Simply asking authors to increase their sample N and to accept P < 0.01 as significant might achieve a similar end for far less cost. In clinical studies, P < 0.001 is preferable, though this may not be practical in softer sciences.
The issue of resource constraints is an important one. A few thoughts:
1. Irreproducible research costs an estimated $28 billion a year in U.S. biomedicine alone (http://www.nature.com/news/irreproducible-biology-research-costs-put-at-28-billion-per-year-1.17711). Reallocating some research funds and energy to replication would likely improve the ratio between costs and scientific truth value produced.
2. Running a larger sample and using a more stringent significance cut off would be a more cost effective alternative to PPIR in biomedical and vision research, to give a few examples. But for studies involving social processes that vary across human populations (for example practically all social psychology and organizational psychology findings), there is a real value-added to running the study in multiple laboratories with different kinds of populations to test how generalizable the results are.

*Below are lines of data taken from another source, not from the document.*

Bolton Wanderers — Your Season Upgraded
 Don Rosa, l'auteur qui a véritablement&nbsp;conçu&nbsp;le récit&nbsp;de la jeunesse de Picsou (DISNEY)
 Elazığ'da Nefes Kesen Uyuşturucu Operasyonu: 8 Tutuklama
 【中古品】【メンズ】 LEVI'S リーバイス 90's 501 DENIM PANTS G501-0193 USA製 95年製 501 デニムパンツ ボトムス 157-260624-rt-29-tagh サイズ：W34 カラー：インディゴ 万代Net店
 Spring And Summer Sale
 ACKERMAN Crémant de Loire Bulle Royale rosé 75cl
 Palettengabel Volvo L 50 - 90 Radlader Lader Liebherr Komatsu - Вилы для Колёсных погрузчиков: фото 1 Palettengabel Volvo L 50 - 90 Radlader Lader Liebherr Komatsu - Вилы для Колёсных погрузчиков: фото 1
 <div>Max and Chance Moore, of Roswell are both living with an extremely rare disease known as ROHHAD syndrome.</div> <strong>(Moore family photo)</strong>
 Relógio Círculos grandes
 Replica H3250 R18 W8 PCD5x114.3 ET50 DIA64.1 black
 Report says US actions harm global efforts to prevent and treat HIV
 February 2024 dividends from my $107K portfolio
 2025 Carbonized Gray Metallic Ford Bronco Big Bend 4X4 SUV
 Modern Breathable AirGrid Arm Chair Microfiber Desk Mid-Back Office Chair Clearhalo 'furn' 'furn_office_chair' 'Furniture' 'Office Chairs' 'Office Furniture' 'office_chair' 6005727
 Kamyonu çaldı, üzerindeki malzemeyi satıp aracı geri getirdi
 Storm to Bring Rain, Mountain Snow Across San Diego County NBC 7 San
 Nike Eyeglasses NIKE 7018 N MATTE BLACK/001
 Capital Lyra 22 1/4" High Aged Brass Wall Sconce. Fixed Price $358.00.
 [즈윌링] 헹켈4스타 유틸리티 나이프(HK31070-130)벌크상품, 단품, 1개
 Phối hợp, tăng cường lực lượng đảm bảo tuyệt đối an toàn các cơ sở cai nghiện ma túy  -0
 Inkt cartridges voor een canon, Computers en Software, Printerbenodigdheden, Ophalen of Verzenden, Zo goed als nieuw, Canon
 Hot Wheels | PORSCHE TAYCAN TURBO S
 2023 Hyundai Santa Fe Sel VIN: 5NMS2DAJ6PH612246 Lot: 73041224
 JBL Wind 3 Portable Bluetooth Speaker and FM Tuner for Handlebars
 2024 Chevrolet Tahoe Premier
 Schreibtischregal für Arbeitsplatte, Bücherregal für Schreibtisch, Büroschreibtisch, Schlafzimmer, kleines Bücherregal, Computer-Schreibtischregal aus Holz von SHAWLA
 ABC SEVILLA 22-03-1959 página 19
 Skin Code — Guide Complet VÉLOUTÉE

3. In the Pipeline Project 2, we hope to reduce the financial costs to original authors to zero by replicating their unpublished research for them in graduate and undergraduate methods courses. This approach is obviously best suited to low cost studies that do not require high levels of expertise to carry out.
A few chemistry journals, such as Organic Syntheses and Inorganic Syntheses, are devoted (the right word) to publishing more reliable methods to make molecules. Part of the review process is that another lab replicates the entire synthesis to check that it works. If there are problems with the replication that cannot be worked out, the synthesis won’t make it into the journal.
This sounds like a great initiative! The American Journal of Political Science is doing something similar by having an in-house statistician reproduce the findings of accepted papers before they are published. For more details see this link:
https://politicalsciencereplication.wordpress.com/2015/05/04/leading-journal-verifies-articles-before-publication-so-far-all-replications-failed/
At least it should be mentioned that attempt to replicate the study was unsuccessful.
Thanks for your interest! Which specific studies worked and which did not is summarized in Table 1 of the Pipeline Project 1 report, please see page 6 here:
http://home.uchicago.edu/davetannenbaum/documents/pipeline%20project.pdf
Agree with both Amy and Grant here, and still think this is a good idea for social sciences at least, for the following reason: a lot of research is done which isn’t interesting or groundbreaking and eventually heads nowhere. If different groups could consult on which areas or questions are most important or most interesting to pursue, multiple groups could “duplicate” one another’s work without fearing the wrath of senators asking why are we studying this.
Anything that improves the direction(s) different groups are heading will improve the standing of research, its reputation and perceived reliability, will enhance the amount of money that government spends on research; thus improving the rate of funding and the total funding for the field
Thanks for your positive feedback! Crowdsourcing original data collections is a great idea (one also proposed recently by Klein et al., 2014), and something we intend to pursue in a planned project.